[Opening Excerpted data section]
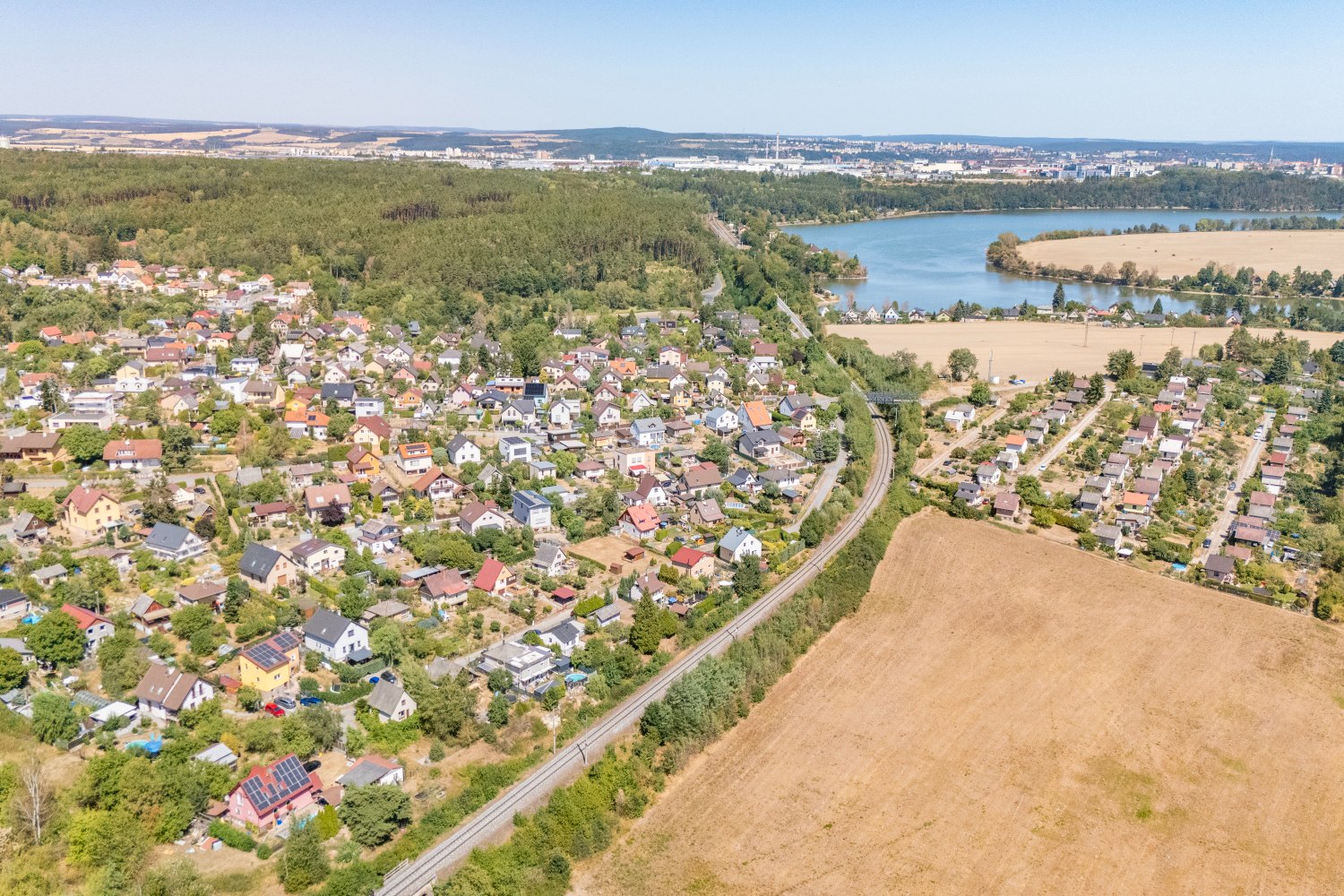 Prodej chaty, 30 m², Plzeň - Valcha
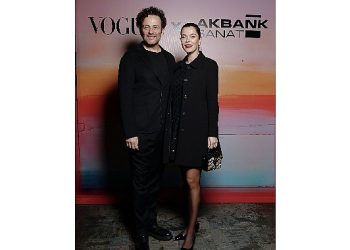 Akbank sanat’ın 30.yıla özel bir gece düzenlendi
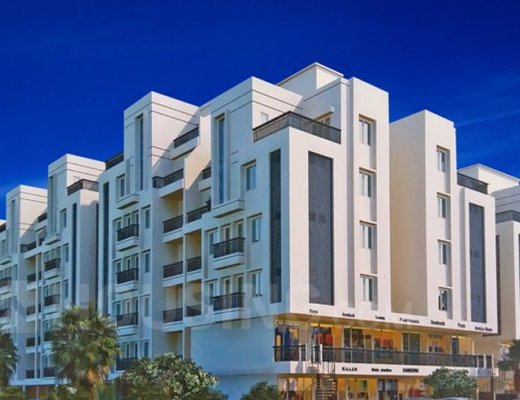 Rose Oak Residencies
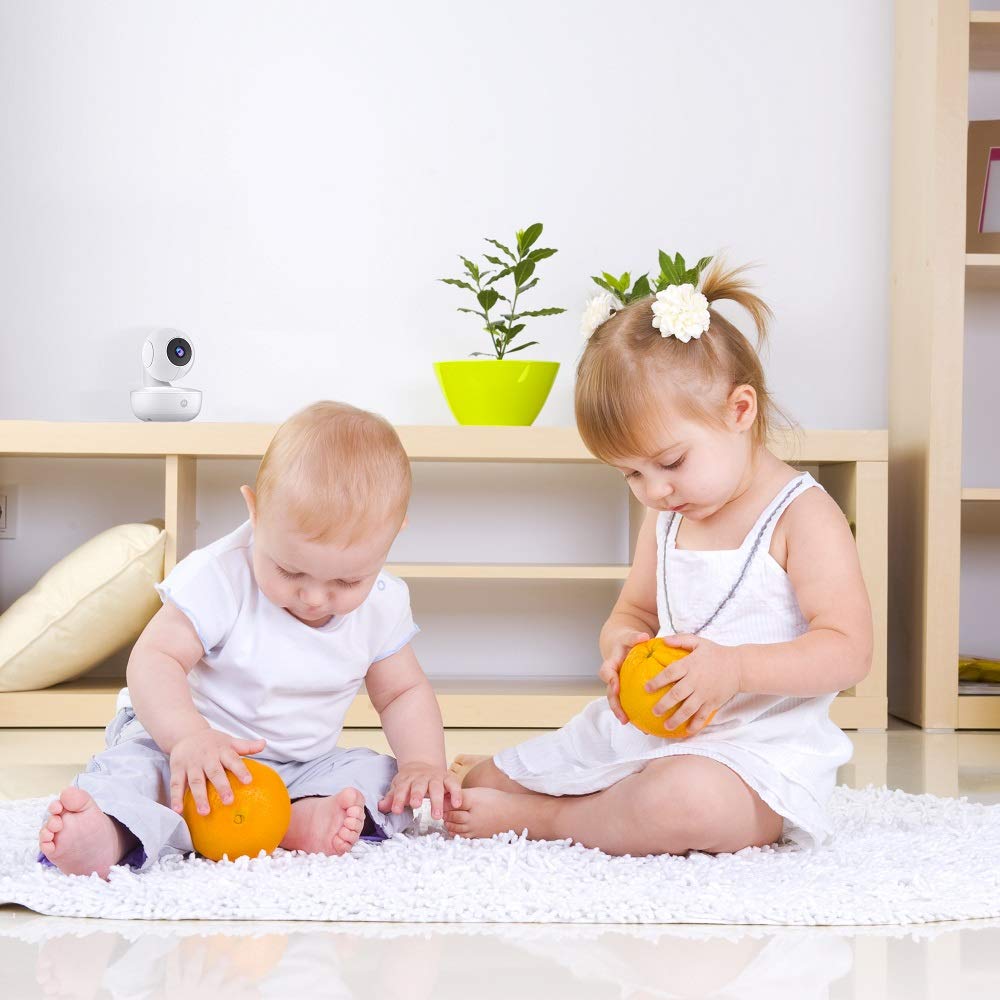 baby monitor app and handheld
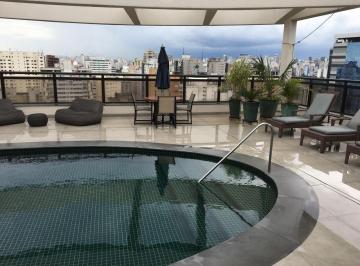 Apartamento · 36m² · 1 Vaga · ALUGAR FLAT NO ITAIM, AO LADO DA RUA JOAQUIM FLORIANO!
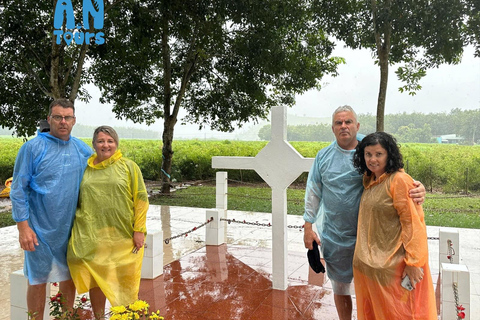 Desde Ho Chi Minh: Campo de batalla de Long Tan Nui Dat Vung TauDesde Ho Chi Minh: Campo de batalla de Long Tan Nui Dat, Vung Tau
[Closing Excerpted data section]
* [Problem statement]: The required output is every line from the one containing "Akbank sanat’ın 30.yıla" through the last line of the data above, restated exactly and without pictures.

* [Response]:
 Akbank sanat’ın 30.yıla özel bir gece düzenlendi
 Rose Oak Residencies
 baby monitor app and handheld
 Apartamento · 36m² · 1 Vaga · ALUGAR FLAT NO ITAIM, AO LADO DA RUA JOAQUIM FLORIANO!
 Desde Ho Chi Minh: Campo de batalla de Long Tan Nui Dat Vung TauDesde Ho Chi Minh: Campo de batalla de Long Tan Nui Dat, Vung Tau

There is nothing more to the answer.